One neighbour, Jeremy Button, said the council had “mishandled” concerns from the start – pointing out that the planning report even gave the wrong description of where the site was. He said that work that ha already taken place was not meeting safety standards for dealing with contaminated land.
Another neighbour, Janice Tilling, said that the councillors who approved the scheme 18 months ago had not been able to see the pollution report.
“The word ‘mitigate’ appears a lot,” she said of the planners’ report. “The dictionary definition of ‘mitigate’ means to lessen or make something less severe, not to eradicate.”
Tilling said the ground should be sealed and modular construction used to avoid the need to dig deep foundations. “We are not NIMBYs – this is your land, but please develop it safely.”
Asked by Stephen Brain, the chair of planning, if vegetables were grown on the land, she said: “They had boy scouts getting their badges growing carrots – nobody knew! Ideally, ground investigations would have gone on before. Here we have this [pollution] report, which is very scary.”
When Pat Slattery, a Labour councillor for Greenwich West ward, said that the council’s own experts had found the measures acceptable, Tilling responded that she had sent councillors a story from Ends Report, an environmental law news website, about the issue.
“I don’t know if you had time to read it, they list and say this is really bad – it’s been 90 years and people have been dumping stuff back from then and it’ll make people sick,” she said.
Tilling’s solicitor, Alice Goodenough, said the strategy to deal with the contaminated land was “fatally flawed”, and it was unclear how the depth of 450mm had been decided.
However, Anthony Murphy, Greenwich’s contaminated land officer, said that 450mm was a standard depth used by local authorities.
He was backed up by James Warth, a technical director at Sweco, the company behind the pollution report, who said that 450mm was used for communal landscaping areas, while 600mm was used in private gardens.

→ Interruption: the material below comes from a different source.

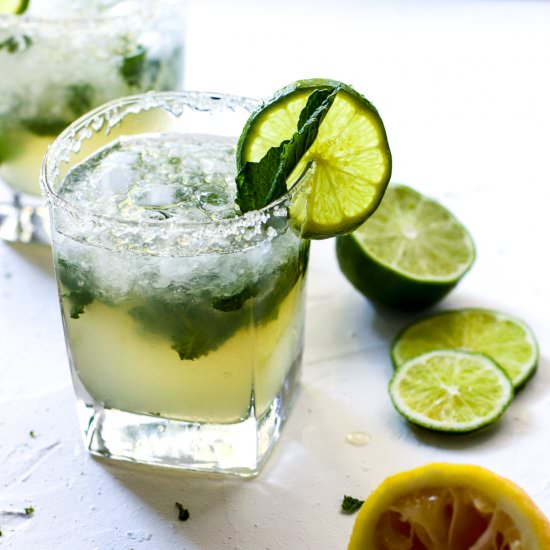 Tequila Smash - Recipe photo by ShortGirlTallOrder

The Royal Hill site was “very typical”, he said. “I’ve had 20 years’ working with these contaminants. I’m used to it and understand it is scary for some people, but these aren’t unusual contaminants to find on a site, it’s quite normal.”

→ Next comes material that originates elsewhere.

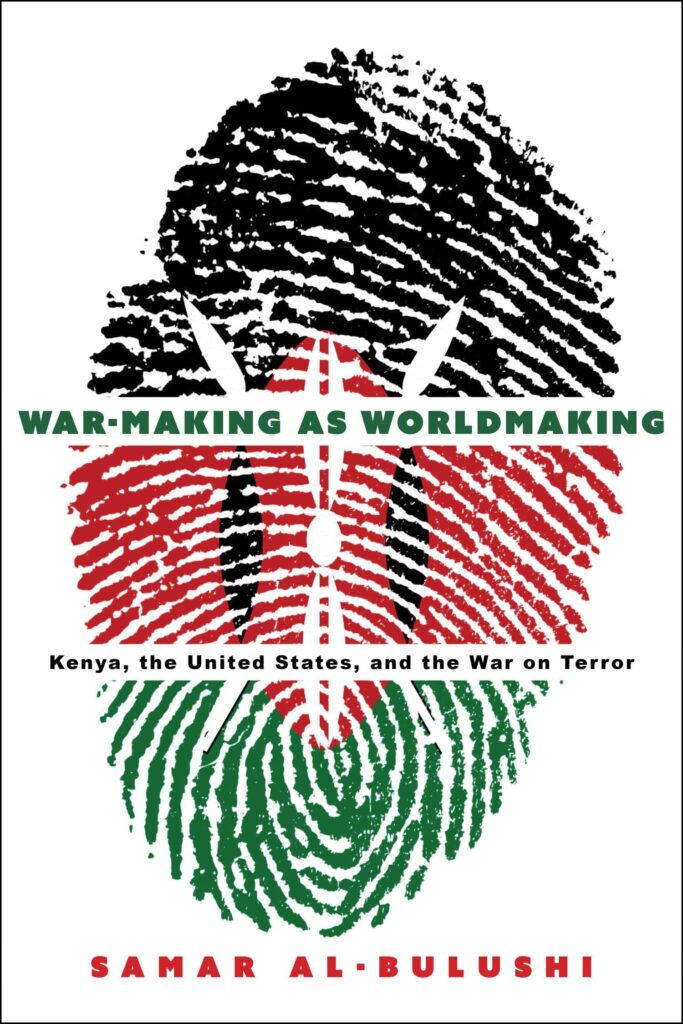 'War-Making as Worldmaking' Book Cover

The 450mm depth, he said, was decided because “you wouldn’t expect vegetables and plants to be grown” on communal land, while “a two-spade depth” was considered good for back gardens.
Increasing the depth to 600mm would “just mean more material would be used”, he said – adding that the majority of the site would be concreted over anyway.
When it came to the vote, Aidan Smith, another Greenwich West councillor, proposed that the depth be increased to 600mm “so it would be suitable for future use as a garden”. The proposal was passed unanimously.
Two previous attempts to build homes on the site had been thrown out by councillors, and the current plans were scaled back from an original proposal for up to 12 bedrooms.
The former railway line, which also had a station at Blackheath Hill, was built to compete with the route from London Bridge to Greenwich and was completed in 1888. However, the two competing companies merged just a decade later and it was badly affected by the introduction of trams.
A section was later reused to provide a route from Lewisham to Nunhead, but most of the rest of the line has been filled in or demolished. The former Lewisham Road station, on Loampit Vale, survives as the Aladdins Cave junk shop, while part of an old embankment survives in Brookmill Park in Deptford.